— EXERCISE MATERIALS —
#####
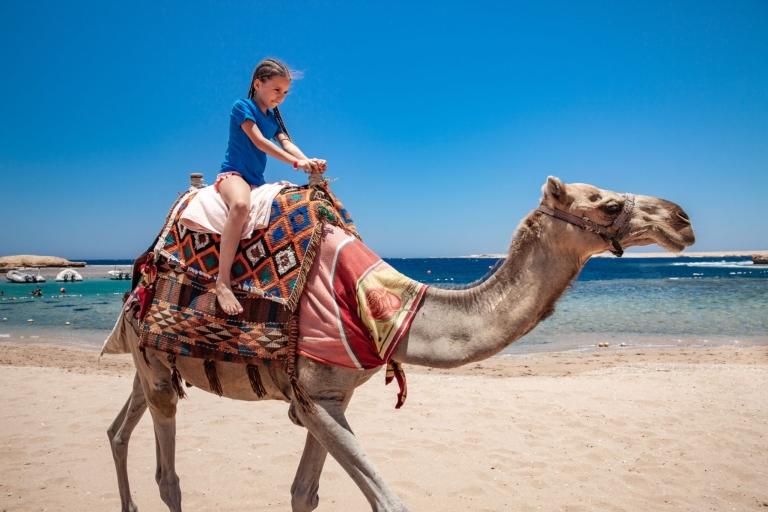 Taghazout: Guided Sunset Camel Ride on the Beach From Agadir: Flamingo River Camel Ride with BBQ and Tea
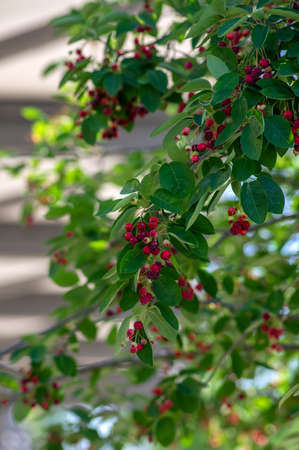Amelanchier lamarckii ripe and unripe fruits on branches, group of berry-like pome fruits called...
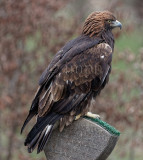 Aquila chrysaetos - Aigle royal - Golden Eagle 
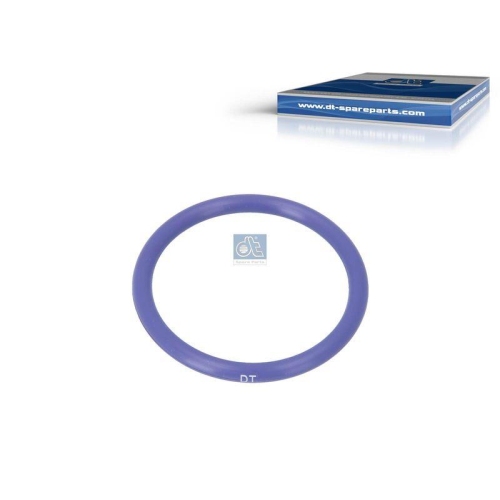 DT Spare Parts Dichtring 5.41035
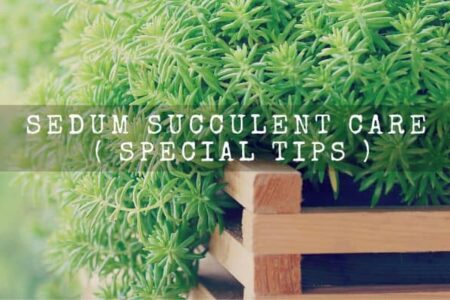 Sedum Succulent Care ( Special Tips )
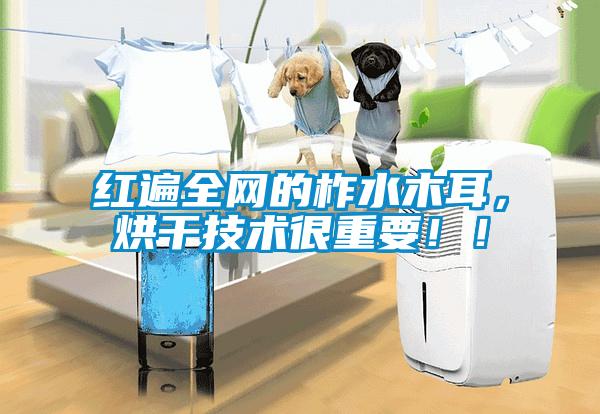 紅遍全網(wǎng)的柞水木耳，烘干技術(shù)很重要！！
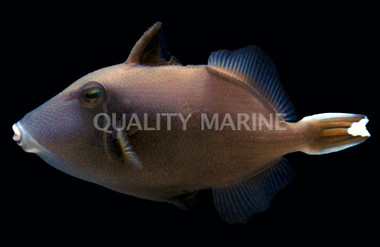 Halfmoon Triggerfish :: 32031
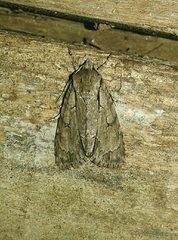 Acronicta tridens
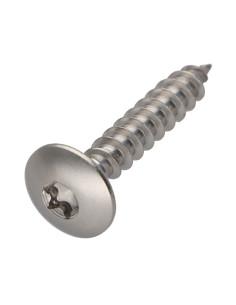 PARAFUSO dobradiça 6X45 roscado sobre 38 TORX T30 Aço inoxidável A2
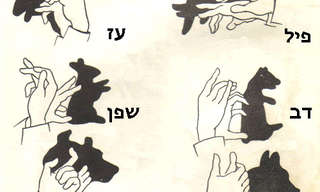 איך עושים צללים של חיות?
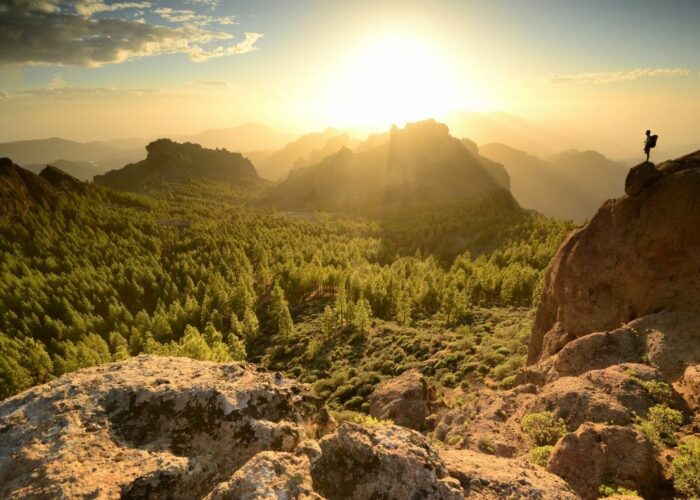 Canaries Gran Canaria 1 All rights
#####
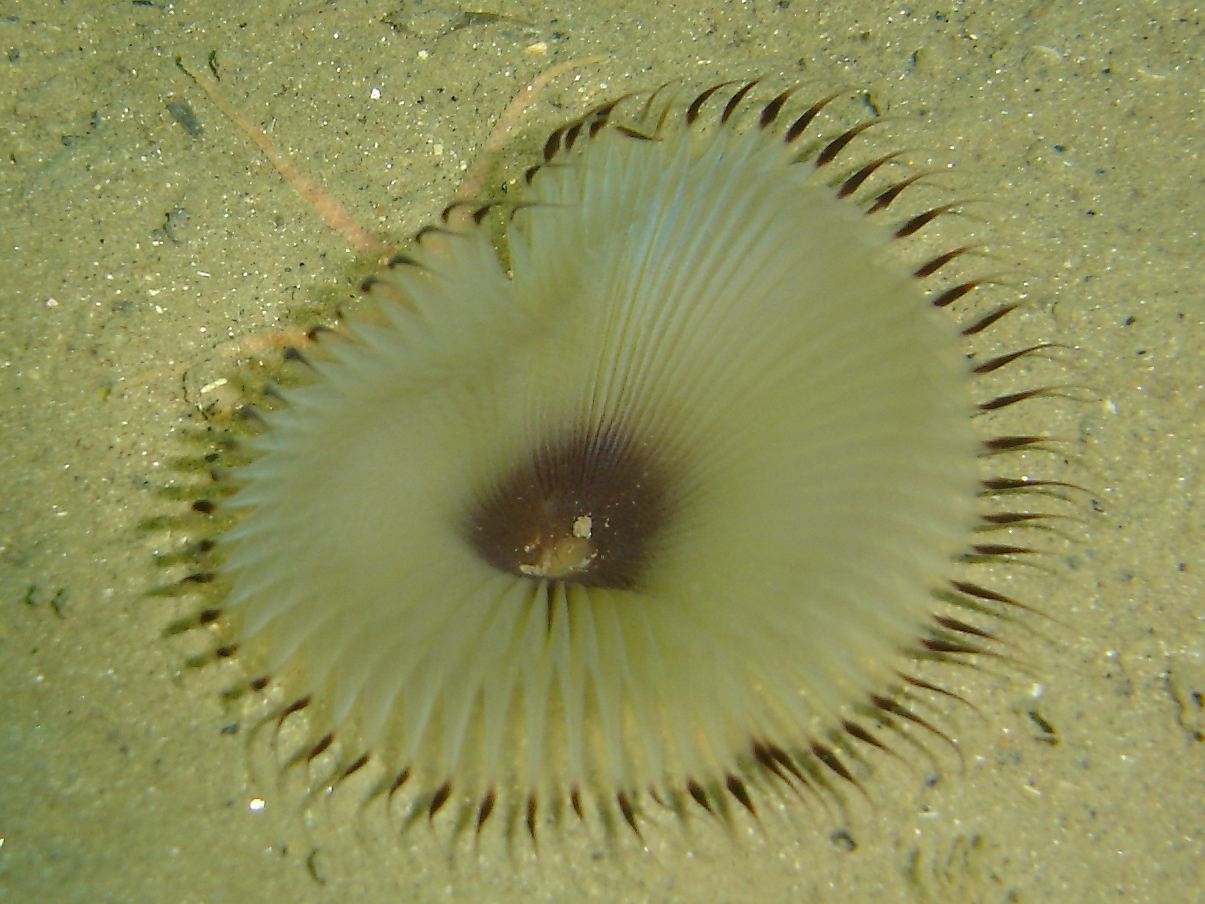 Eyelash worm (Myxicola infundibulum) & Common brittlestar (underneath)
#####
Your answer must be the lines above from the one holding "PARAFUSO dobradiça 6X45" up to and including the one holding "Canaries Gran Canaria 1 All rights", exact and with no pictures.

— SOLUTION TO THIS TASK —
 PARAFUSO dobradiça 6X45 roscado sobre 38 TORX T30 Aço inoxidável A2
 איך עושים צללים של חיות?
 Canaries Gran Canaria 1 All rights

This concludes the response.